The balance sheet is a report on the assets, liabilities and equity of the company at a certain point in time. The balance sheet is called the fact that the financial structure of the company is balanced as follows:

Assets = Liabilities + Equity

Assets are resources that the company owns or controls at a given point in time: cash, inventory, cars and buildings. On the other hand, the equations are the total cost of financing for ownership of these assets. Financing is provided from liabilities or from equity. Liabilities are the company's debt, equity is the total value of all the assets that the owners contributed to the business, including retained earnings (profit earned in previous years).

Cash flow statement


A cash flow statement is a statement of cash flows of an enterprise for a specific period of time. Typically, a cash flow statement is based on the following indicators:

Cash from investing (CFI): cash used to invest in assets, as well as income from the sale of equipment or long-term assets.
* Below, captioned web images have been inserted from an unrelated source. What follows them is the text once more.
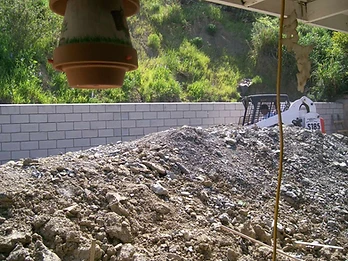 Concrete block retaining wall with skid-steer loader and excavated dirt pile on a hillside site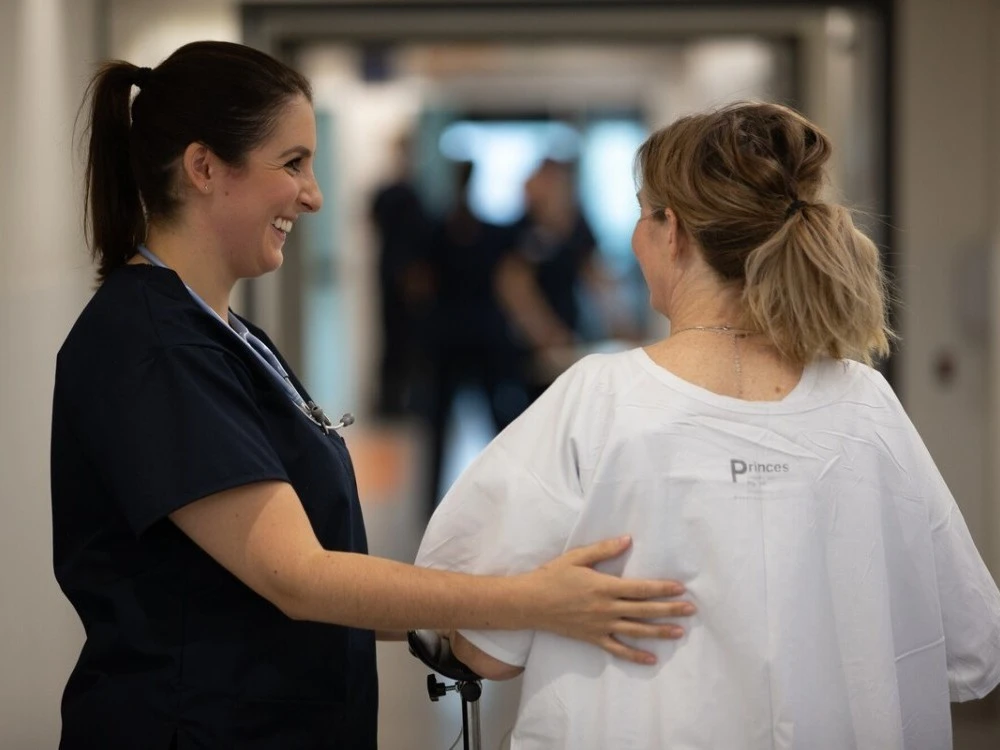 ICU physiotherapist supporting patient to walk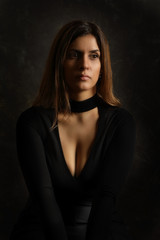 Fototapeta premium Portrait of a young adorable brunette woman in a black dress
Cash from financing (CFF): cash paid or received as a result of issuing and borrowing funds.

Operating Cash Flow (OCF): Cash received from daily business operations.

Conclusion


The main objective of the fundamental analysis is to determine whether the price in the stock market reflects the real (fair) value of shares.

Suppose a company stock traded at $ 20. After a fundamental analysis, the investor determined that the stock actually costs $ 25.

This is the essence of fundamental analysis. By focusing on a specific business, an investor can evaluate the intrinsic value of a firm and find discounted purchase opportunities. Investments will pay off when the market catches up with fundamental indicators. By the way, the most famous and successful fundamental analyst is Warren Buffett, nicknamed "The Omaha Oracle."